Routine, conservative treatment can be sufficient to discount a claimant's subjective testimony regarding the limitations caused by an impairment. Parra v. Astrue, 481 F.3d 742, 750-51 (9th Cir. 2007). Not seeking an "aggressive treatment program" permits the inference that symptoms were not "as all-disabling" as the claimant reported. Tommasetti v. Astrue, 533 F.3d 1035, 1039 (9th Cir. 2008). The amount of treatment is "an important indicator of the intensity and persistence of [a claimant's] symptoms." 20 C.F.R. § 416.929(c)(3). If, however, the claimant has a good reason for not seeking more aggressive treatment, conservative treatment is not a proper basis for rejecting the claimant's subjective symptoms. Carmickle v. Comm'r, Soc. Sec. Admin., 533 F.3d 1155, 1162 (9th Cir. 2008).
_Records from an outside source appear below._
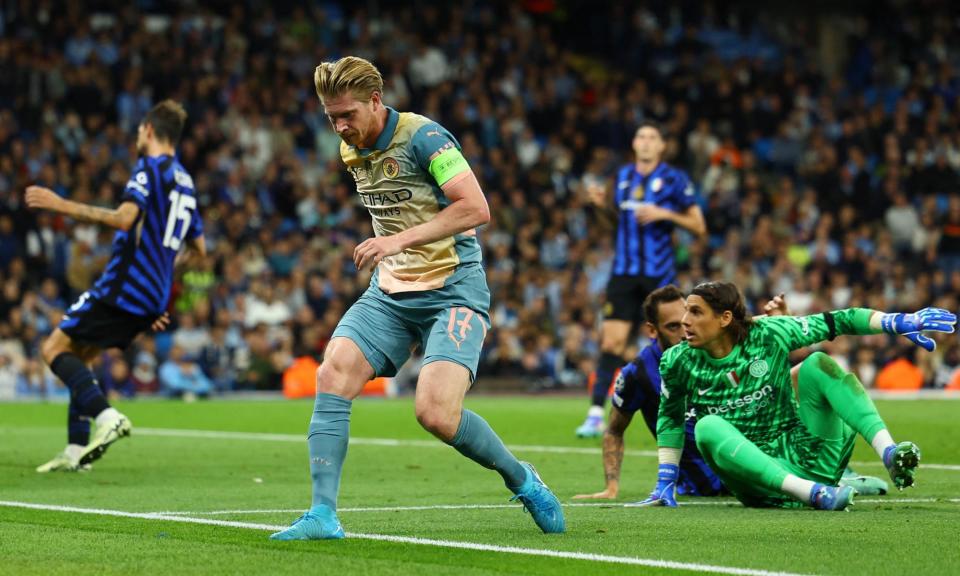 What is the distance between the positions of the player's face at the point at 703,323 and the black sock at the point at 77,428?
4.95 metres

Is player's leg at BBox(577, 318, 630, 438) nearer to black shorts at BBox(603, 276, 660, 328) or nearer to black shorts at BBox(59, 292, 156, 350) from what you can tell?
black shorts at BBox(603, 276, 660, 328)

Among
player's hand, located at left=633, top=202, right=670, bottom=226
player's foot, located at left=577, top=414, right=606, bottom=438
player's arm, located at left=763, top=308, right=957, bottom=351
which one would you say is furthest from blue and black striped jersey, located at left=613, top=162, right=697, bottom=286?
player's arm, located at left=763, top=308, right=957, bottom=351

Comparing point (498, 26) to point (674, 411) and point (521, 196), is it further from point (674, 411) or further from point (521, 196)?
point (674, 411)

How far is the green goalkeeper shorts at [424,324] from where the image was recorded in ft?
20.7

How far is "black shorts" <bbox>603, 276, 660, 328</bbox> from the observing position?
13539mm

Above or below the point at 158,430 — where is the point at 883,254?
above

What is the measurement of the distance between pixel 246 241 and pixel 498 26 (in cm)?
893

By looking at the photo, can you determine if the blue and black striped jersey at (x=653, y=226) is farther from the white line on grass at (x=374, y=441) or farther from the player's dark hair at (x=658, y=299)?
the player's dark hair at (x=658, y=299)

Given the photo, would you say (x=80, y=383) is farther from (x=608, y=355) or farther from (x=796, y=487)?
(x=796, y=487)

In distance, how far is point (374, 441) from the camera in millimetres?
13547

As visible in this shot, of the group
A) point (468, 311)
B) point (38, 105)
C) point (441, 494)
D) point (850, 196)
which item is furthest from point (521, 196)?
point (468, 311)

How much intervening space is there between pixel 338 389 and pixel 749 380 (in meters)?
2.23

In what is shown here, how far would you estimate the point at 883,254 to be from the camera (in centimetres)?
2600

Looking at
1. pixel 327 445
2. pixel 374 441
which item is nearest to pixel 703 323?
pixel 327 445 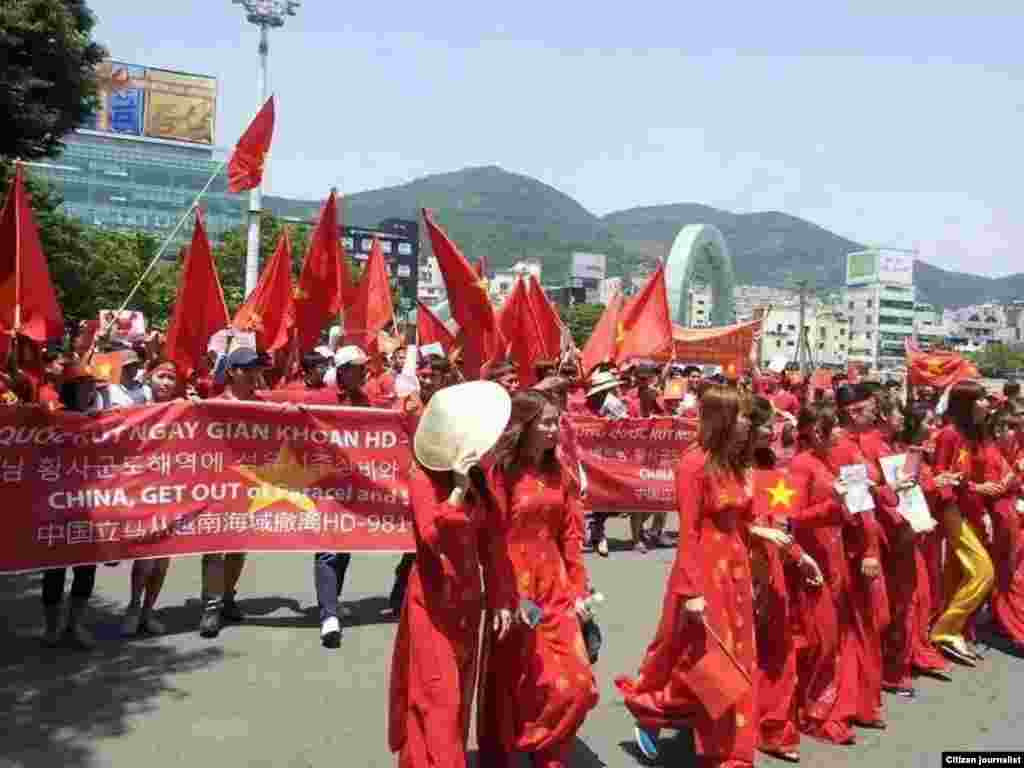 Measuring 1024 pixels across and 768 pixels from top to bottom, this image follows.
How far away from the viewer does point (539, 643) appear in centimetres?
381

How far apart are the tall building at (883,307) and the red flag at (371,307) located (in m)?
131

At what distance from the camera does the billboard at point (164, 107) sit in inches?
3460

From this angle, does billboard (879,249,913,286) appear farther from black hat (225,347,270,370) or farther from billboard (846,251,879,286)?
black hat (225,347,270,370)

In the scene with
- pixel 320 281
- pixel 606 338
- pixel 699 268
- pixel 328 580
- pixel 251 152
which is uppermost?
pixel 699 268

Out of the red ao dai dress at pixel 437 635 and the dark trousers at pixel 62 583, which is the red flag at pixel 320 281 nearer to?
the dark trousers at pixel 62 583

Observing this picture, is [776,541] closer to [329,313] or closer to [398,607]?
[398,607]

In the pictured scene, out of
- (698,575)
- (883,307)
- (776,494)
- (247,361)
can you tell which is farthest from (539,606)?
(883,307)

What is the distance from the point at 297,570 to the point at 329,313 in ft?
12.5

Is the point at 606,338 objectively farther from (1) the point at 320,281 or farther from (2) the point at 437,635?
(2) the point at 437,635

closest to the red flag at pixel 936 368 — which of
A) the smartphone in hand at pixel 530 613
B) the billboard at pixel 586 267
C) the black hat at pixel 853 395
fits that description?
the black hat at pixel 853 395

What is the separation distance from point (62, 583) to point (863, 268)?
490 feet

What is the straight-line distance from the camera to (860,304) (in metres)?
140

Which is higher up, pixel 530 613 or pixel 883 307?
pixel 883 307

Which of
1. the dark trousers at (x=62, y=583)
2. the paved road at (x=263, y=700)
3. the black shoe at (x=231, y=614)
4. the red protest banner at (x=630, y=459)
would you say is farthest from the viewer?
the red protest banner at (x=630, y=459) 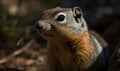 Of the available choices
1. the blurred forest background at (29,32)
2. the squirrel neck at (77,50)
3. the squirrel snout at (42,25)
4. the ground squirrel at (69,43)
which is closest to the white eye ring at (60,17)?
the ground squirrel at (69,43)

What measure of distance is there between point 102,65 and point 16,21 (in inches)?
99.6

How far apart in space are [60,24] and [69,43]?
14.2 inches

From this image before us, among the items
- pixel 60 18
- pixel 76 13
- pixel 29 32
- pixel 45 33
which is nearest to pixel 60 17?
pixel 60 18

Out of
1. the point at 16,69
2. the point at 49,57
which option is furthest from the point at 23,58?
the point at 49,57

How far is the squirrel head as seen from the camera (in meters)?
6.34

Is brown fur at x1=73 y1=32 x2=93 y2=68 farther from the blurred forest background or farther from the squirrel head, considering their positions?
the blurred forest background

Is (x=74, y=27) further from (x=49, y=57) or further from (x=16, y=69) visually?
(x=16, y=69)

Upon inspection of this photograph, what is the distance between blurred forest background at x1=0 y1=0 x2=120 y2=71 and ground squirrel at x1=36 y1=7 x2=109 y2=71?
105 cm

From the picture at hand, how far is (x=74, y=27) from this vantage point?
6.73m

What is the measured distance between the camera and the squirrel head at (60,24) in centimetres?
634

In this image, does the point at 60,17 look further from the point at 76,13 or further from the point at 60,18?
the point at 76,13

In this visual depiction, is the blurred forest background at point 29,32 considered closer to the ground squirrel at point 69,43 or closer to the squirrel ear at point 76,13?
the ground squirrel at point 69,43

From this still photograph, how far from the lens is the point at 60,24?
21.3ft

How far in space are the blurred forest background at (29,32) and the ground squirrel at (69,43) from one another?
1.05m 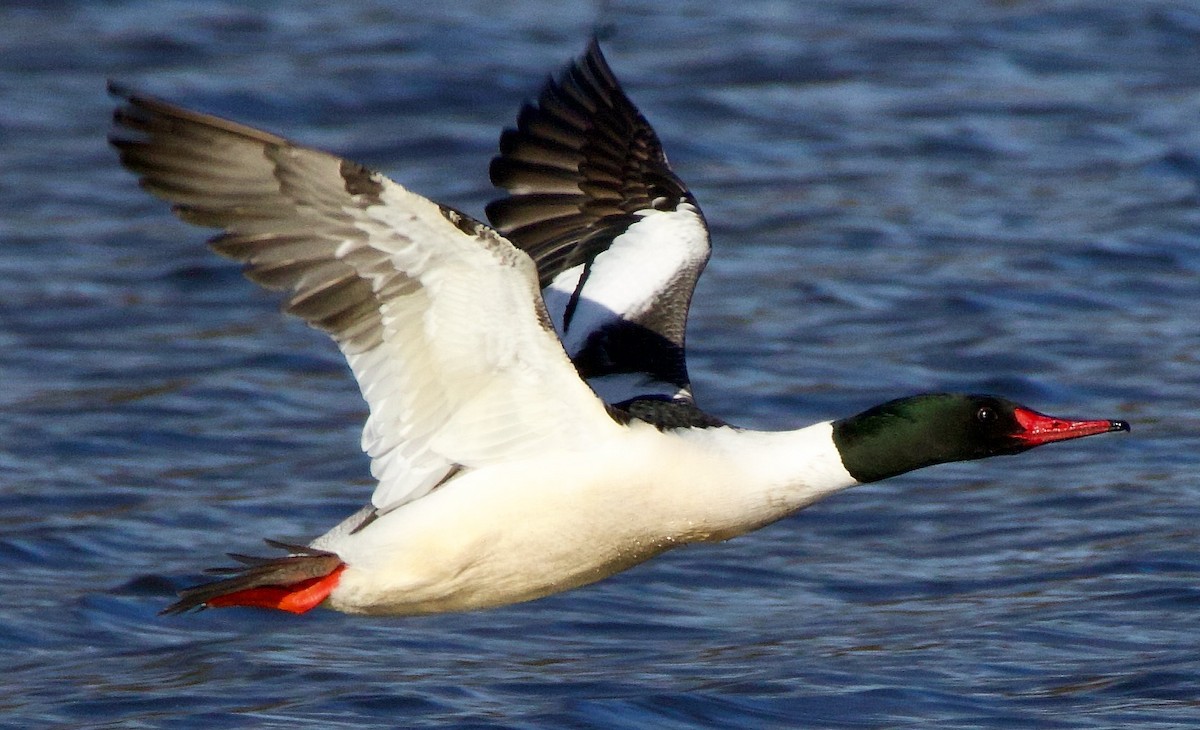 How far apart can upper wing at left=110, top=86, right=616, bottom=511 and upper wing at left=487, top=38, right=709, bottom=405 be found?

The ALJ characterized Plaintiff's treatment for CTS and neck pain as "conservative" because those conditions were treated with medication, braces, and occupational therapy, and because Plaintiff never was hospitalized for CTS or neck pain. AR 30. But just after this characterization of Plaintiff's treatment, the ALJ acknowledged that Plaintiff was awaiting a CTS release surgery, undermining the ALJ's assessment. Id. The ALJ did not explain how CTS release was consistent with "conservative treatment."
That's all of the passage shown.